Quando poi si alza dalla poltrona dimentica assolutamente tutto ma conserva l’impressione di essere stato un protagonista.
Le decisioni intanto vengono prese ad un altro livello, ben più alto, da poche persone e ci vengono trasmesse in modo codificato: non le comprendiamo subito ma, alla fine dei giochi, le accettiamo come scontate e spesso senza neppure averne preso coscienza.
Ragion per cui possiamo tranquillamente dire che oggi la storia viaggi a due velocità: quella reale, in continuo sommovimento, che viene gestita, letta, interpretata dalle oligarchie e quella virtuale di cui abbiamo un’impressione lineare, stagnante, offertaci dai media allineati nel compito di codificazione e di stravolgimento di verità scomode, media il cui impegno, chiaramente pilotato, è inequivocabilmente volto ad eccitare di tanto in tanto ma a cloroformizzare per la maggior parte del tempo i sudditi consumatori lasciandoli galleggiare nello stagno dell’immobilità in preda alla totale illusione di essere ancora protagonisti.
Possiamo dunque affermare che il potere è appannaggio di pochi e che la massa è asservita?
Non lo possiamo, lo dobbiamo.
Il che non deve indurci in troppo facili errori consequenziali. Innanzitutto riguardo a quei “pochi” che, contrariamente a quanto certuni fantasticano, non sono dei superuomini né i depositari di chissà quale potenza occulta bensì sono gli strumenti di un’era storica, di una costruzione culturale e di determinati rapporti di forza oggi in atto.
Infine che questa situazione di passività, di assoggettamento dei più nei confronti di pochi sia definitiva, irreversibile, quindi non destinata a modificarsi dai successivi processi della storia.

I diversi gradini del potere

Abbiamo più volte espresso, anche su queste colonne (1) che il potere si esercita a tre livelli.
Il primo livello è rappresentato dai centri nevralgici del gigantesco complesso global-capitalista.
Esso si compone dei principali organismi trans-nazionali a natura privata che condizionano, fino a determinarle, le politiche mondiali (Bilderberg, Trilateral, Cfr ecc); dai consessi internazionali non istituzionali che regolamentano l’economia e la politica planetaria (Wto, G8, Fmi, Banca Mondiale, branche dell’Onu ecc.); dal potere spionistico-satellitare con quel che ne scaturisce come potenzialità di controllo politico e militare, di veicolazione e filtro delle informazioni, di dominio dei mercati.
La costituzione stessa di questi centri nevralgici del potere mondiale tradisce una serie di requisiti essenziali: essi sono privati, di clan, oligarchici, trans-nazionali e al di sopra delle istituzioni.
Si tratta, dunque, di un potere che fa e disfa senza dover rendere conto più di tanto del suo operato.
Gli interlocutori con i quali negoziare, o da rabbonire, o da raggirare, si situano infatti su tre piani:
a)    i residui poteri nazionali (in India, Iran, Israele e Giappone) o nazional-imperiali (in Russia e in Cina, potenzialmente in Europa, in quasi tutto il Commonwelth)
b)    le grandi centrali trans-nazionali private d’influenza (crimine organizzato, mafie, massonerie e chiese)
c)    le opinioni pubbliche.
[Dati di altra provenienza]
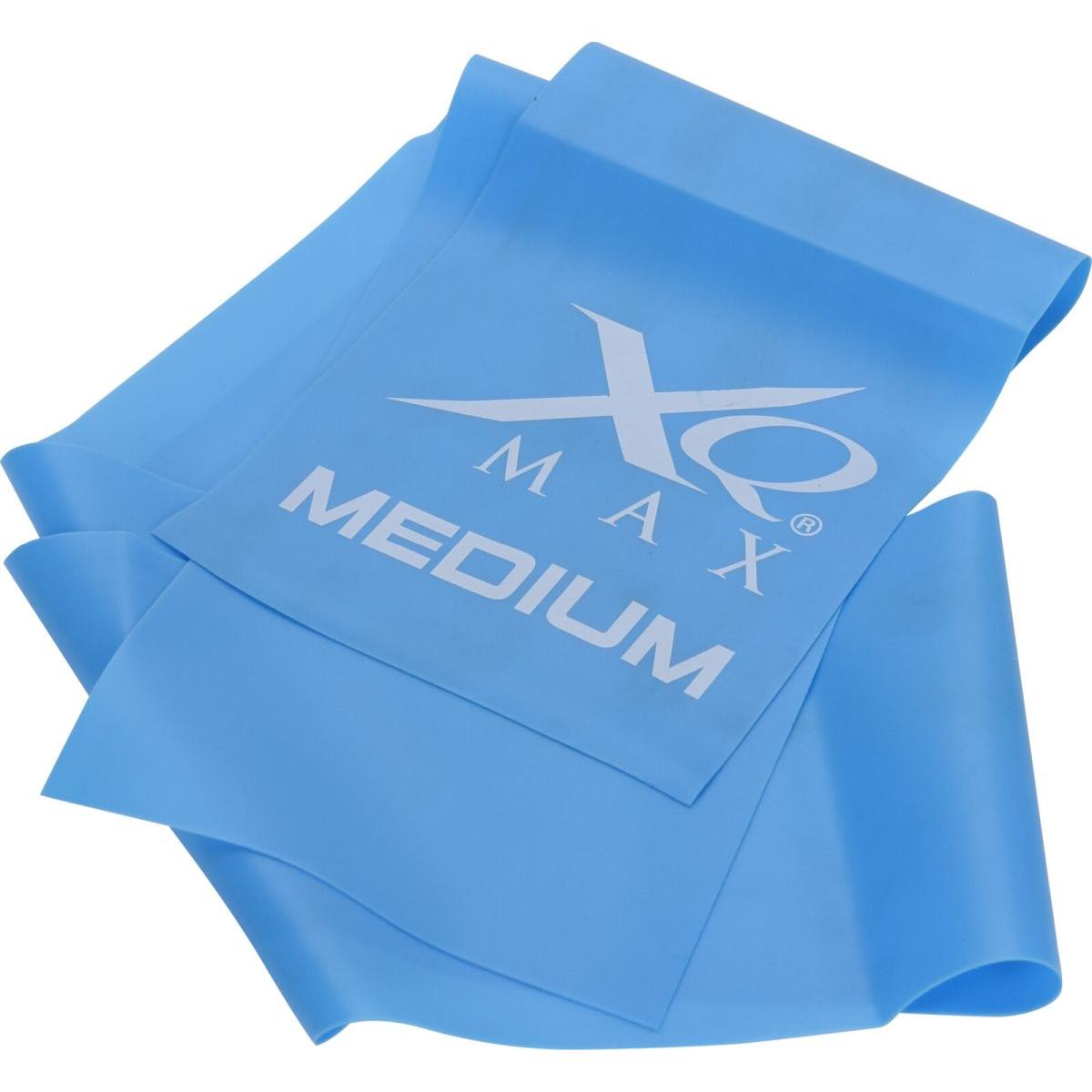 GUMIJAS VINGRINĀJUMA LENTE BLUE MEDIUM XQMAX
Le quali, in realtà contano ancora ma sono facilmente ammaestrabili grazie all’azione operata dai filtri informativi che sono al servizio del più forte.
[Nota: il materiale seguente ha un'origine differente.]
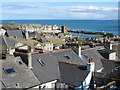 View over St Ives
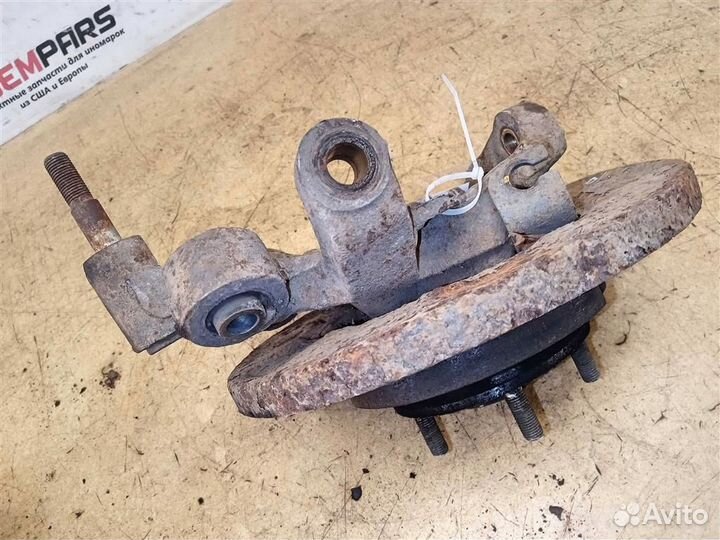 Кулак задний левый Hyundai Santa Fe CM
Il secondo livello di potere è quello istituzionale o meglio ciò che ne rimane in Paesi, quale il nostro, che non posseggono l’autonomia ed il valore contrattuale della Francia, della Germania o dell’Inghilterra né sono al momento parte integrante di un potenziale imperiale.
Chi vi abbia accesso ha solo due direzioni operative (carriera ed arricchimento personale a parte che, a quanto sembra, rappresentano però le finalità maggiormente perseguite). La prima è la scelta del campo di subordinazione. Salvo farsi i fatti propri e basta, si può, difatti, o militare per un partito europeo aggregandosi al carro francese, tedesco e russo o allinearsi in un partito antieuropeo ed anti-italiano prendendo ordini dagli americani e dai britannici. La seconda è un’azione di piccolo cuneo: si tratta di reperire e destinare fondi e quote di potere locale a favore di determinate battaglie sociali e culturali e a discapito di altre, a vantaggio di amici e a svantaggio di nemici; o, nel migliore dei casi, per finalità giuste e di comune interesse.
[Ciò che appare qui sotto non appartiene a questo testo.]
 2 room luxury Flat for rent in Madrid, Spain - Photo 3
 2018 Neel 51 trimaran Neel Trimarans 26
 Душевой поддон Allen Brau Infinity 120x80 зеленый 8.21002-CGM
In ogni caso si evincono due verità scomode: la prima è che il potere istituzionale italiano è poca cosa, tanto che gli scontri governativi hanno il valore dei conflitti delle amministrazioni condominiali; la seconda è che si tratta comunque di battaglie di basso profilo che non sono seducenti né motivanti. Interesse privato, ovviamente, a parte: perché in questo le motivazioni sono fortissime.
Il terzo livello riguarda le amministrazioni locali; con l’avanzare della globalizzazione assistiamo ad un contemporaneo rafforzamento, per contrappeso, del localismo.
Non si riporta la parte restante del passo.